'Drinking can be a big part of workplace culture, and being viewed as an outsider for any reason can hurt you professionally,' said the study's lead author Dr Lynsey Romo, of North Carolina State University.
Research showed that non-drinkers resort to a variety of little-white-lies to hide the fact that they don’t drink, often out of fear that they’d be seen as judgemental by their co-workers.
The study found that non-drinkers developed a variety of strategies to attend social events without making themselves, their co-workers, or their clients feel “uncomfortable.”
From volunteering as designated driver to pretending to be on a diet, the survey found that many employees avoid admitting they’re tee-total at all costs.
According to Romo, one professional who didn't drink because he wanted to set a good example for his children told co-workers that he didn't drink because he was trying to lose weight and others bought alcoholic drinks but didn’t consume them.
If colleagues commented on an employee’s choice not to drink, non-drinkers often tried to prove they weren’t judgemental by offering to buy offering to be the designated driver or buying a round of drinks.
Researchers say the study proves many employees feel under pressure to conform to social norms in the workplace and say HR departments who worry about people over-drinking at Christmas should also consider the needs of employees who don’t want to drink.

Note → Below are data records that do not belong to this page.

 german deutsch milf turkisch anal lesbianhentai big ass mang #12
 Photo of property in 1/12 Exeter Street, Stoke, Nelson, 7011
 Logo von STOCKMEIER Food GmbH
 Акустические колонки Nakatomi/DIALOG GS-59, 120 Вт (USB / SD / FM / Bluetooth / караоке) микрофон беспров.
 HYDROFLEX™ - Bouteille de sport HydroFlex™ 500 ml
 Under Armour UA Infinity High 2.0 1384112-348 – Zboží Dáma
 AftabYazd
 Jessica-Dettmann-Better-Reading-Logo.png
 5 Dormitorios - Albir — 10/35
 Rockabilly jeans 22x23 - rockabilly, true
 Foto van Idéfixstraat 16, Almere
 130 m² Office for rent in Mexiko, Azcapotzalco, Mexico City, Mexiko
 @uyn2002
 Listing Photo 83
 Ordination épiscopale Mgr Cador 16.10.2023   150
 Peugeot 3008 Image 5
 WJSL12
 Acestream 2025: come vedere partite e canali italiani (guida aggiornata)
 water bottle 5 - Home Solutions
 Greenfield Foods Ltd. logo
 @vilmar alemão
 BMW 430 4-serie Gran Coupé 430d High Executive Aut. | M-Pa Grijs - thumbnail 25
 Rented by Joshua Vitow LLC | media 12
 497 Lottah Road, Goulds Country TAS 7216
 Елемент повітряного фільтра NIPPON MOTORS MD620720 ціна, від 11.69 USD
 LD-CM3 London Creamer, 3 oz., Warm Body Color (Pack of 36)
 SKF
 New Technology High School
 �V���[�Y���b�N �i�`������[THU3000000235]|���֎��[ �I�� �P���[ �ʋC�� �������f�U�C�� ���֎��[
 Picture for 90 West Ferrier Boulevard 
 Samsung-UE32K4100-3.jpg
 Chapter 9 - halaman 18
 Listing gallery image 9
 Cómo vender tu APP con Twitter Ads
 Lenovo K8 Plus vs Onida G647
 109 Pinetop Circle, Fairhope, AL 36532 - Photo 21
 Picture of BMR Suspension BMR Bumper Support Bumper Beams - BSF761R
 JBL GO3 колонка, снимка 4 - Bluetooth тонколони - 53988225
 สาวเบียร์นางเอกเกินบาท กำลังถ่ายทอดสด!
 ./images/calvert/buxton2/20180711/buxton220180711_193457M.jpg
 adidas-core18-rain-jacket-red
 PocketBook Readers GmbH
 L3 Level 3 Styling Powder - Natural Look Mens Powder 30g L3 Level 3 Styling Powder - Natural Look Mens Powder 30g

“If employers want their employees to achieve their full potential, they need to foster an environment that encourages their employees to be themselves”, said Dr. Roma.
She suggests employers make sure non-alcoholic beverages are available at happy hours and hot social activities that don’t centre on drinking.
Researchers are warning HR departments to be aware of the pressure some employees feel when attending work parties as studies show tee-total staff are more likely to deceive their colleagues rather than come clean.